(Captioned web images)
···

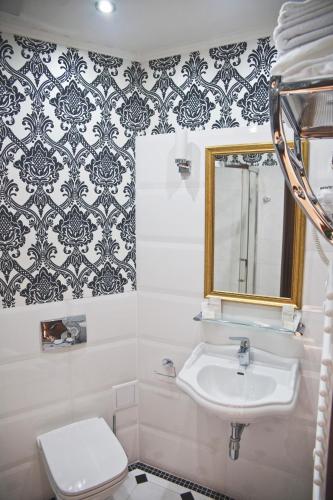 Hotel Gal - image 8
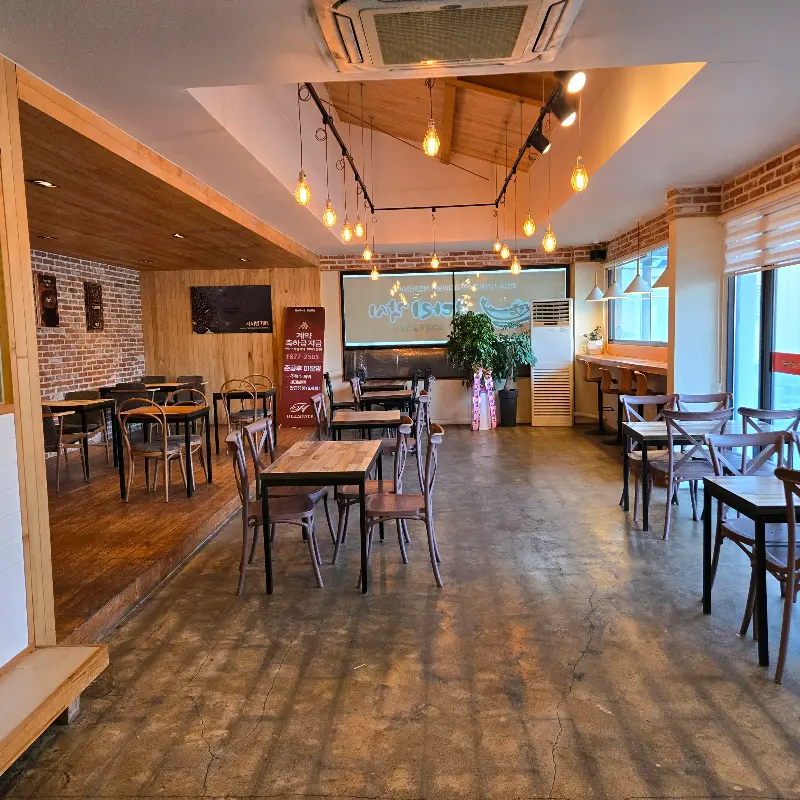 넓고 쾌적한 식당 내부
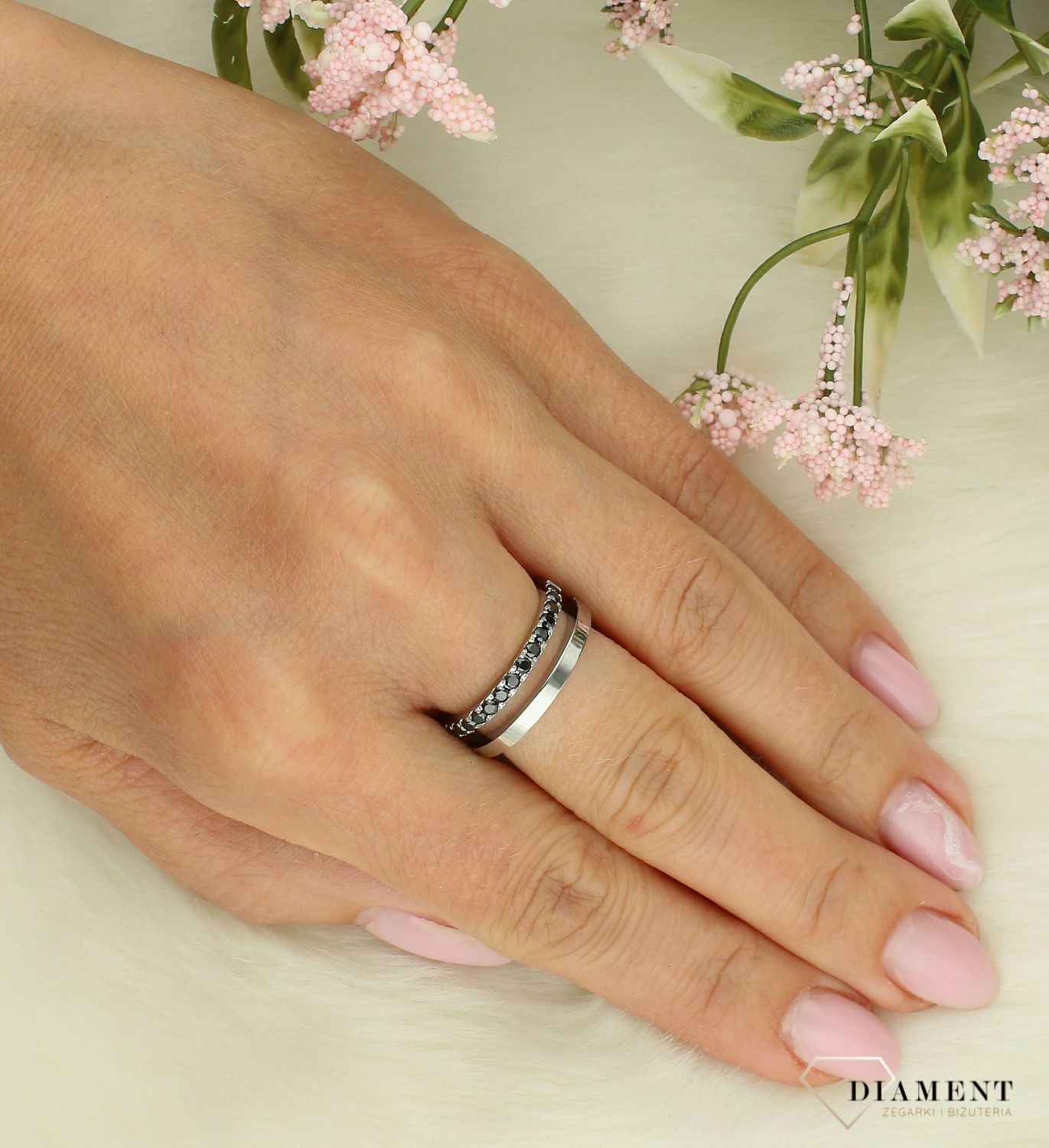 Pierścionek damski Coeur de Lion Essentials podwójny srebrny z cyrkoniami 0136401317.jpg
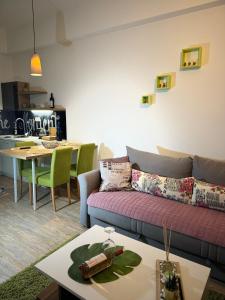 Posezení v ubytování Orange Apartment 2
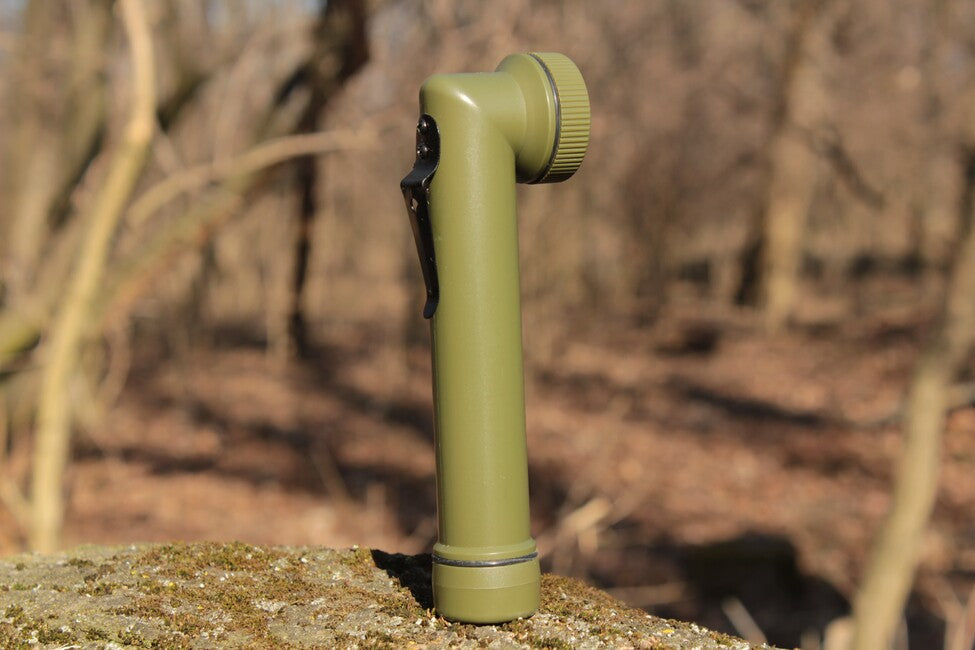 Mil-Tec Army 6 svjetiljka LED 16cm, maslinasto zelena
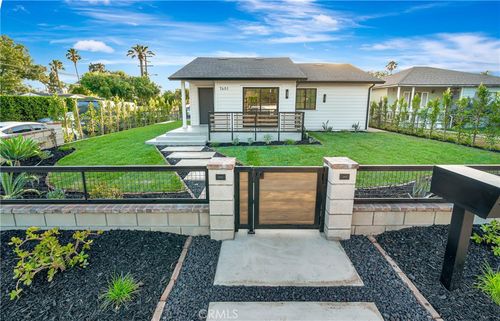 7401 Dempsey Ave, Van Nuys, CA, 91406-3105 | Card Image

···

What should appear is an exact copy of the lines from the one containing "Pierścionek damski Coeur" through the last line of the records above, pictures excluded.

◆ **Result of this exercise**
 Pierścionek damski Coeur de Lion Essentials podwójny srebrny z cyrkoniami 0136401317.jpg
 Posezení v ubytování Orange Apartment 2
 Mil-Tec Army 6 svjetiljka LED 16cm, maslinasto zelena
 7401 Dempsey Ave, Van Nuys, CA, 91406-3105 | Card Image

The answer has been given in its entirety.